Diário - O senhor foi nomeado pelo ex-governador Blairo Maggi. Existe alguma conversa entre o senhor e o governador Silval Barbosa para permanecer no cargo de procurador-geral?
Dorgival - Não! O cargo de procurador-geral do Estado é de confiança do governador. Tenho um compromisso com ele até 31 de dezembro. O governador pode escolher entre os procuradores alguém de confiança para estar ao lado dele. É um cargo de confiança, por isso não é escolhido de uma lista tríplice.
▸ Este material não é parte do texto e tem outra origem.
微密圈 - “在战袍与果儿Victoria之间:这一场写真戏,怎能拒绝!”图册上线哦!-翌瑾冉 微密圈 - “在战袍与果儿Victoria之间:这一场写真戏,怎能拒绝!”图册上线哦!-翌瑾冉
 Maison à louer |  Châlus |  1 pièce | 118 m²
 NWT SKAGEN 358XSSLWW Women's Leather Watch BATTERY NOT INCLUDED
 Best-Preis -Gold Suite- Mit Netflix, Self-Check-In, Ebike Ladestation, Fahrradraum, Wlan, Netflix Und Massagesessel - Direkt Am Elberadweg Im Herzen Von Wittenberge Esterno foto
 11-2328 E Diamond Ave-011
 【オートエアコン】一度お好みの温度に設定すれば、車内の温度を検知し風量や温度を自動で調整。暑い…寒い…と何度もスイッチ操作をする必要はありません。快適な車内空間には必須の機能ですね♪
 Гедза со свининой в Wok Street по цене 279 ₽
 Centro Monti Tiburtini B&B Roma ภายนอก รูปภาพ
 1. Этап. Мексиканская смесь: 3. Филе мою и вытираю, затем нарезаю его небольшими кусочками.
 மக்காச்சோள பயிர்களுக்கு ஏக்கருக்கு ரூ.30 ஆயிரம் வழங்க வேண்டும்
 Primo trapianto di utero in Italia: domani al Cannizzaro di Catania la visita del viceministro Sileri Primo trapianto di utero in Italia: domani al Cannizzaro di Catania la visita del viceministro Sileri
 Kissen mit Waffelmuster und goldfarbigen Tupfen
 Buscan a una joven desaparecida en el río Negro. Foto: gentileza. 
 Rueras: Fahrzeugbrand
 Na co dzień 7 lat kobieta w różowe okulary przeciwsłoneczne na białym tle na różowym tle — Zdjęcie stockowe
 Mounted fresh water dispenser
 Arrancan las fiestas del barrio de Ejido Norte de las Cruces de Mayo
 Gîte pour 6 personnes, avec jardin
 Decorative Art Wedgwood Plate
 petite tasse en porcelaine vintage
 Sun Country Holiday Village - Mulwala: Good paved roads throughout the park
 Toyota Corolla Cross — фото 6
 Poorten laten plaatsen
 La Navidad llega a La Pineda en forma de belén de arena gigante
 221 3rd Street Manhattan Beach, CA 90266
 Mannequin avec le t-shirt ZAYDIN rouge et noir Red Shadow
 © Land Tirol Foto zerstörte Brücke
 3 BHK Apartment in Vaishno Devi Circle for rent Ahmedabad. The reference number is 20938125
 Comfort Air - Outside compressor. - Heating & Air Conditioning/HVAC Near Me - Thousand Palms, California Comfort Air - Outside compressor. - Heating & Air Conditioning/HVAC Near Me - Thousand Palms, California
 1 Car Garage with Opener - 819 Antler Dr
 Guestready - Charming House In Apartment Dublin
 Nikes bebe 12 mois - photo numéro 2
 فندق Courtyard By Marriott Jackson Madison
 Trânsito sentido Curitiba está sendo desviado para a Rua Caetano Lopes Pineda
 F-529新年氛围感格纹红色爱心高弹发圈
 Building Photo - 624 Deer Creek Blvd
Entendemos que cumprimos a nossa missão em relação a Blairo e Silval no que tange a alertar sobre eventuais erros, orientar e produzir defesas necessárias ao Estado. Cabe ao Silval a escolha.
Diário - Como está o quadro de procuradores no Estado? Existe alguma previsão para concurso?
Dorgival - Temos um quadro de 60 procuradores na ativa e uma previsão para concurso que já está autorizado pelo governador. Não foi possível lançá-lo neste ano por conta do ano político. Mas a estimativa é abrir 20 novas vagas em 2011.
Diário - O senhor é um servidor de carreira. Participou do governo de Blairo Maggi e Silval Barbosa. Qual a avaliação o senhor faz do governo que passou e a projeção para os próximos quatro anos?
Dorgival - Esse governo que vai continuar, mas com uma nova identidade, dará continuidade ao pensamento do ex-governador Blairo Maggi de reafirmação da PGE como órgão auxiliar das políticas públicas. Silval deu continuidade a esse pensamento e ainda incrementou nossas atribuições para participar da confecção de um Estado moderno. Eu me sinto realizado com esses dois governadores, independente de ficar ou não no cargo de procurador-geral do Estado. Quero continuar participando deste governo, que é um governo sério, que tem cumprido o artigo 37 da Constituição no quesito moralidade pública.